When it needs to verify a specific requirement ("Does the vendor have ISO 9001?"), it asks one of the specialist agents to find the answer. Based on what comes back, it records findings, adjusts severity levels, and builds the overall assessment.

The orchestrator uses the most capable (and expensive) AI model, but only for coordination and judgment - not for bulk reading.

Document reader agents

These agents read specific sections of documents when the orchestrator asks. "Read pages 45-50 of the technical proposal" or "Read the financial offer summary." They use a faster, cheaper model because the task is straightforward: read and report back.

Search agents

Instead of reading an entire 300-page proposal to find one piece of information, the search agents use semantic search.
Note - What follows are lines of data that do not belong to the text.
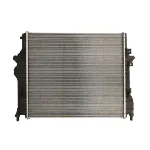 Hladnjak, hlađenje motora NRF NRF 53805 IC-C2FFCA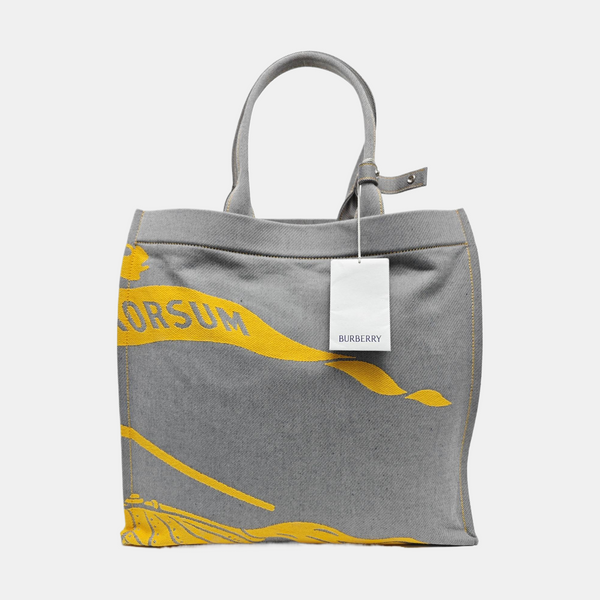 Canvas Medium Gray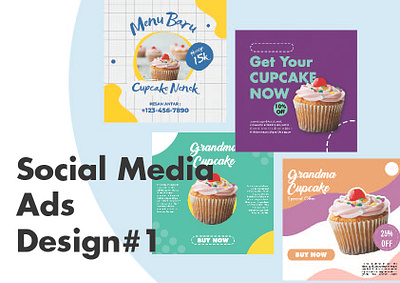Social Media Ads Desain #1 #hanifdesain ads branding desain design graphic design socialmedia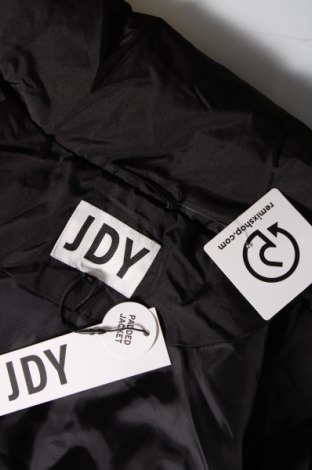 Γυναικείο γιλέκο Jdy, Μέγεθος XS, Χρώμα Μαύρο, Τιμή 26,29 €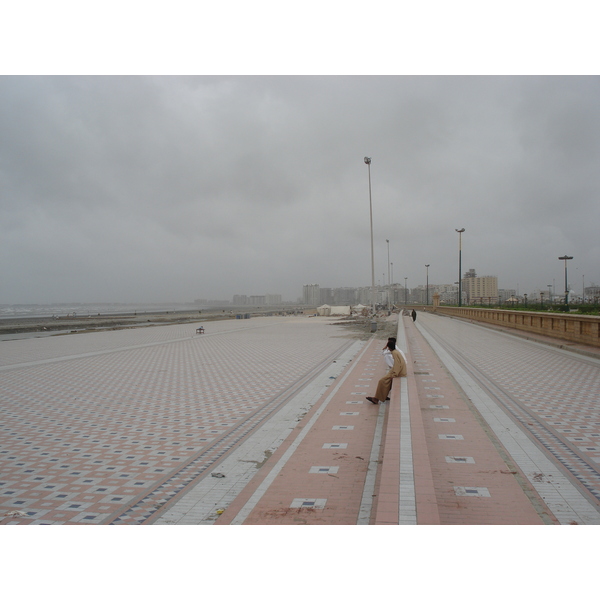 รูปถ่าย ปากีสถาน(Pakistan) การาจี(Karachi) 2006-08 72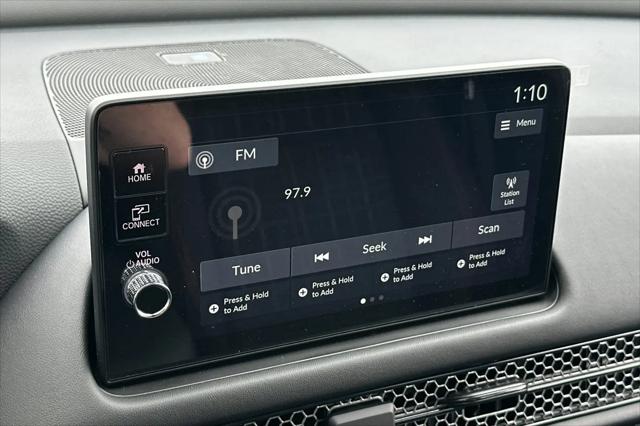 2027 Honda HR-V Sport 2WD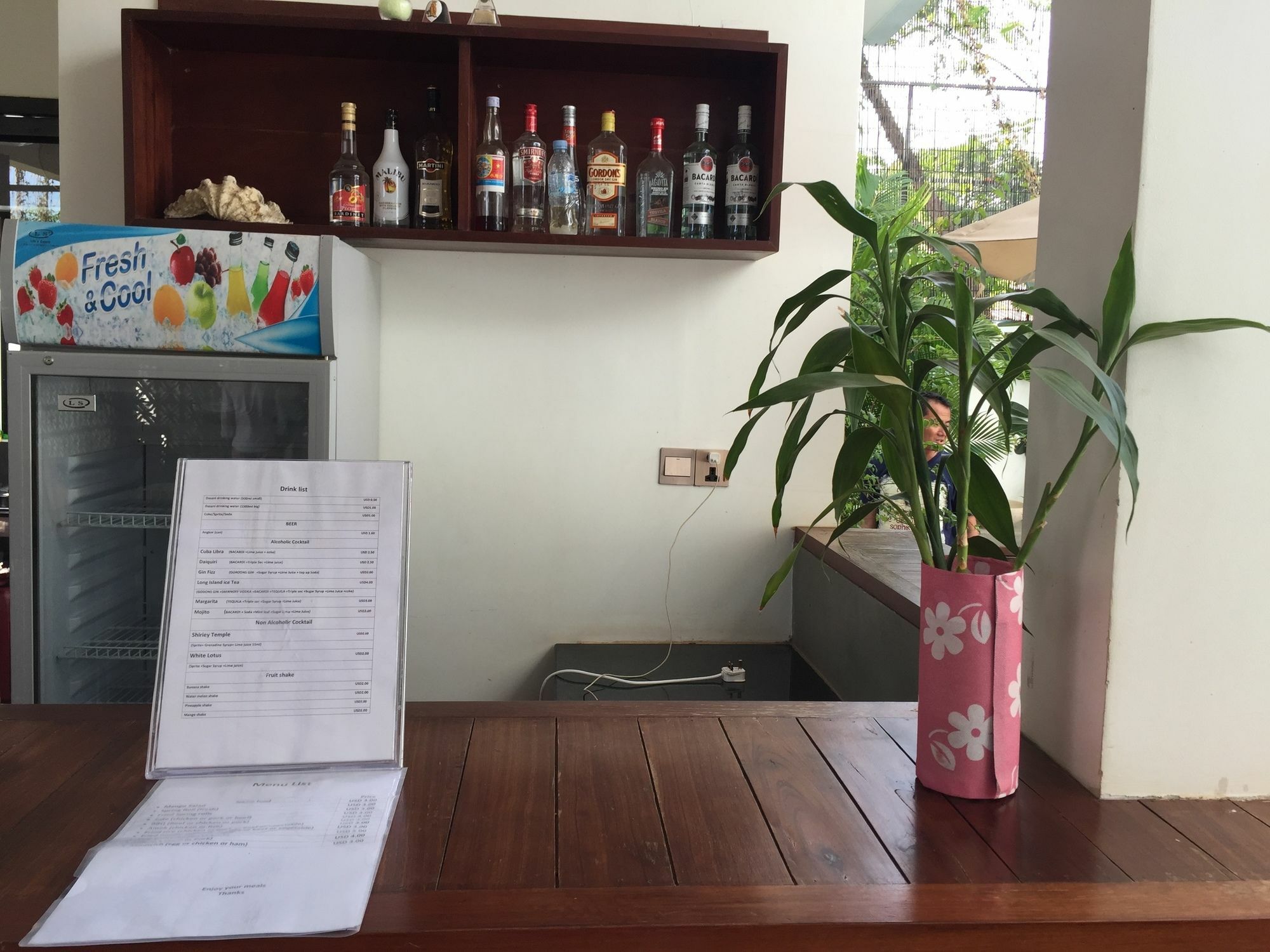 Sam So Boutique Hotel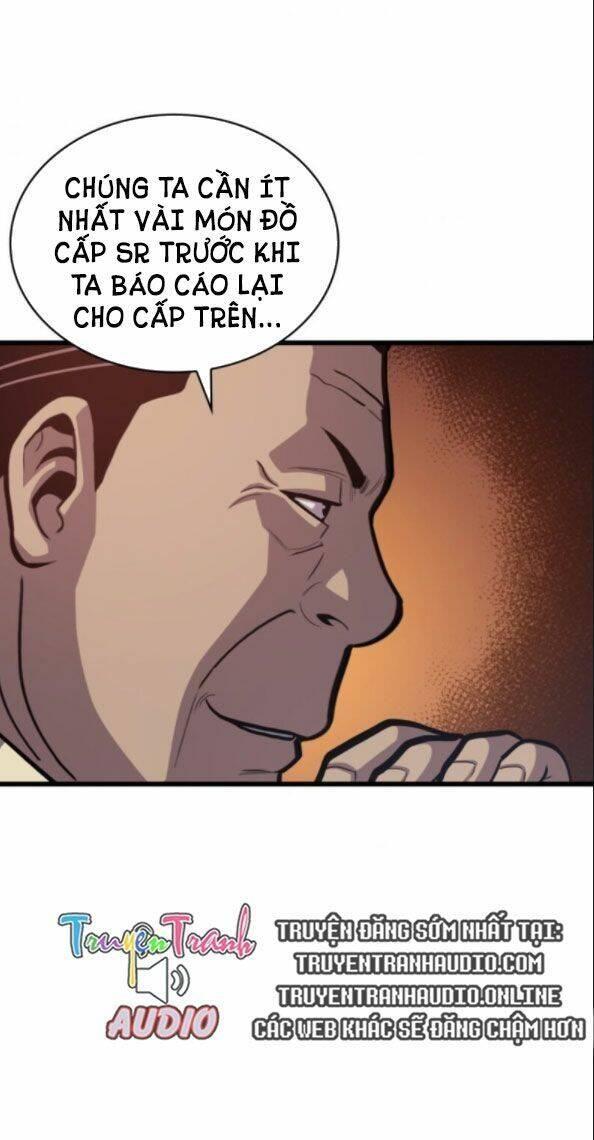 tôi trở lại thăng cấp một mình chapter 33 44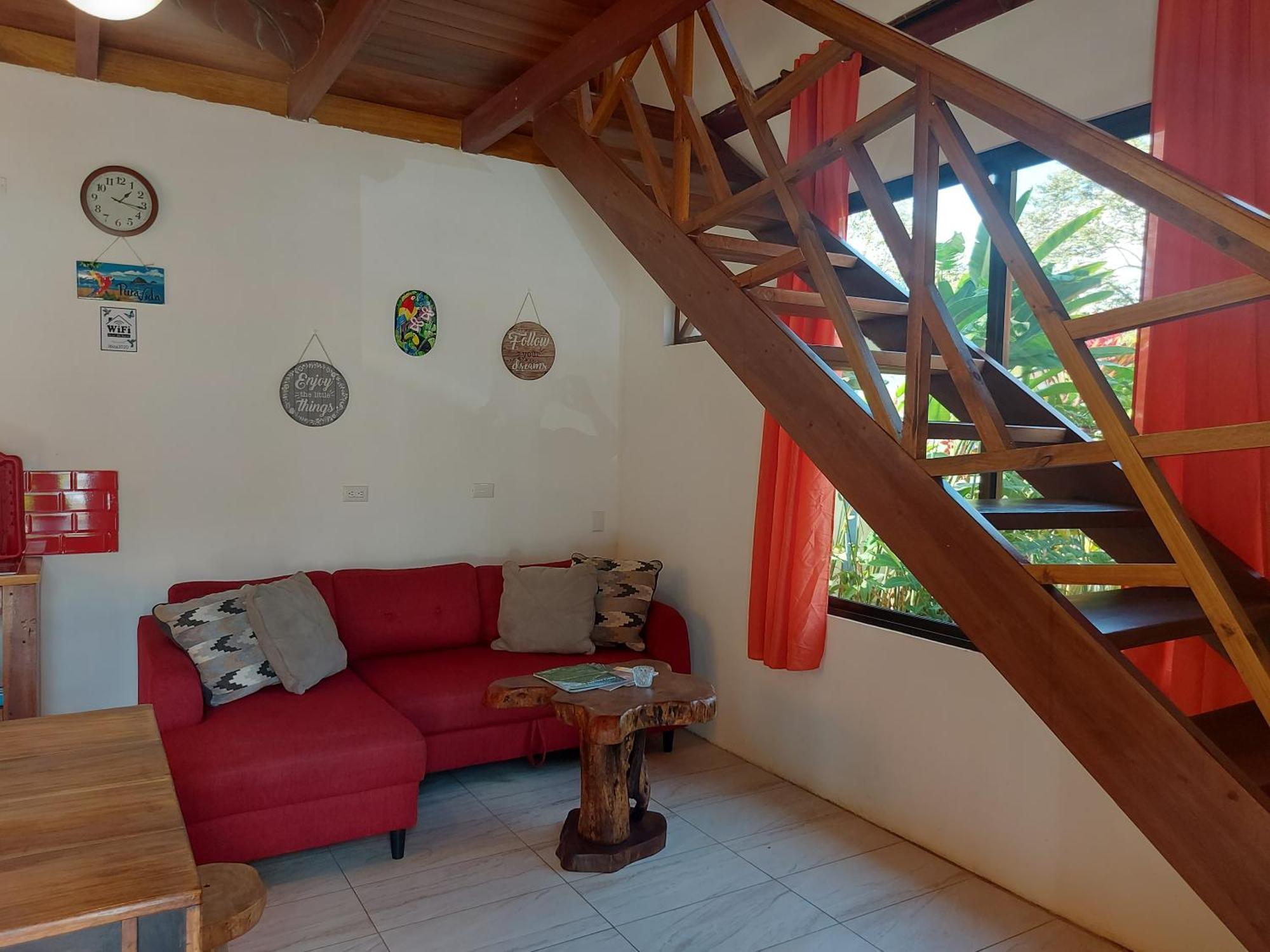 Ibiza Tropical Beach Villas Uvita Exterior foto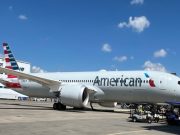 American Airlines proyecta retomar sus operaciones en Venezuela
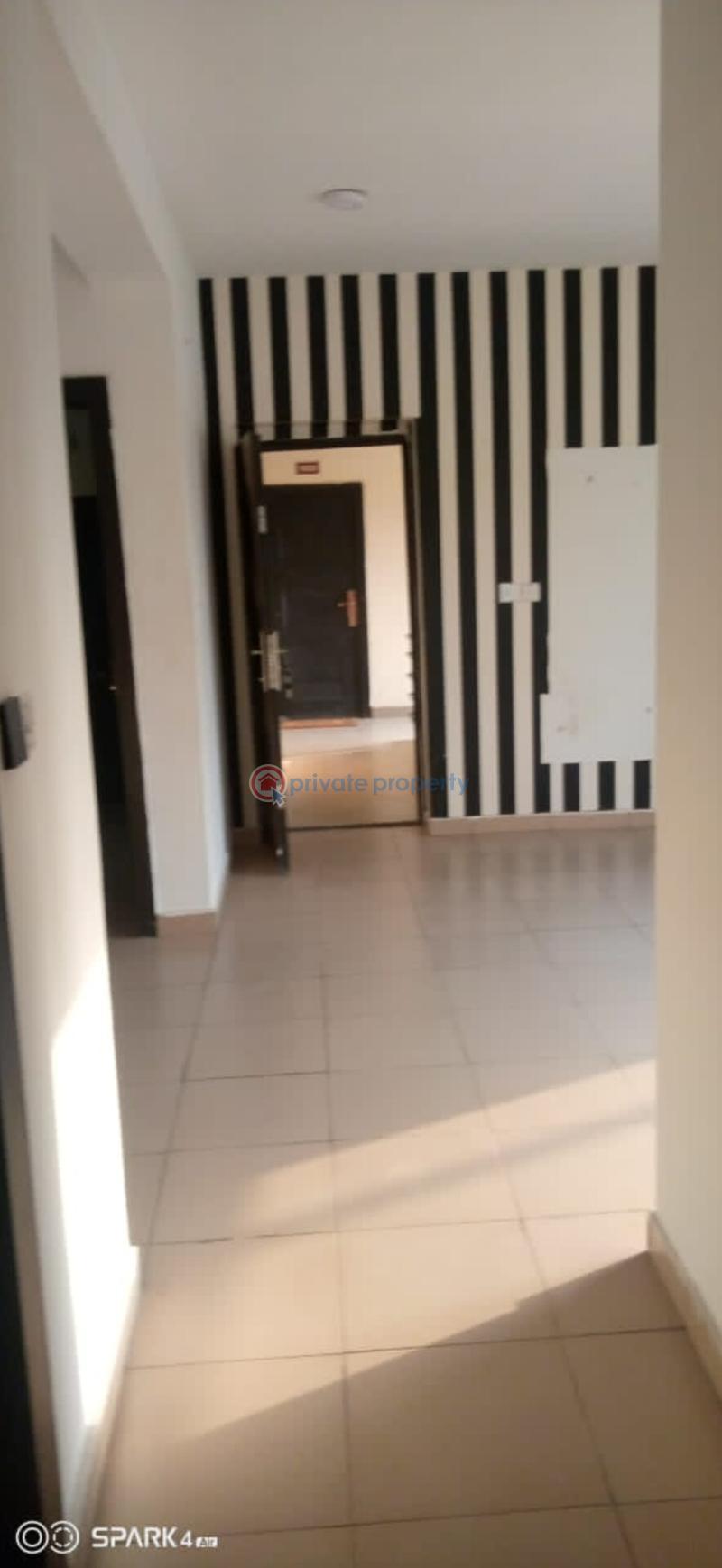 Fully serviced 2bedroom apartment - 4 2 bedroom House For Rent Fara Park Estate Phase 2 Sangotedo Ajah Lagos - 4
They find the relevant passages quickly - "find all mentions of environmental compliance" returns the specific paragraphs without reading everything else.

This is both faster and cheaper than having an AI read the whole document.

Verification agent

After the orchestrator finishes its analysis, a separate agent reviews the Critical and Major findings. This agent re-reads the evidence, checks the reasoning, and confirms or challenges each finding.

Using a separate agent for verification is intentional. It's like having a colleague review your work - they bring fresh eyes and might catch errors the first reviewer made.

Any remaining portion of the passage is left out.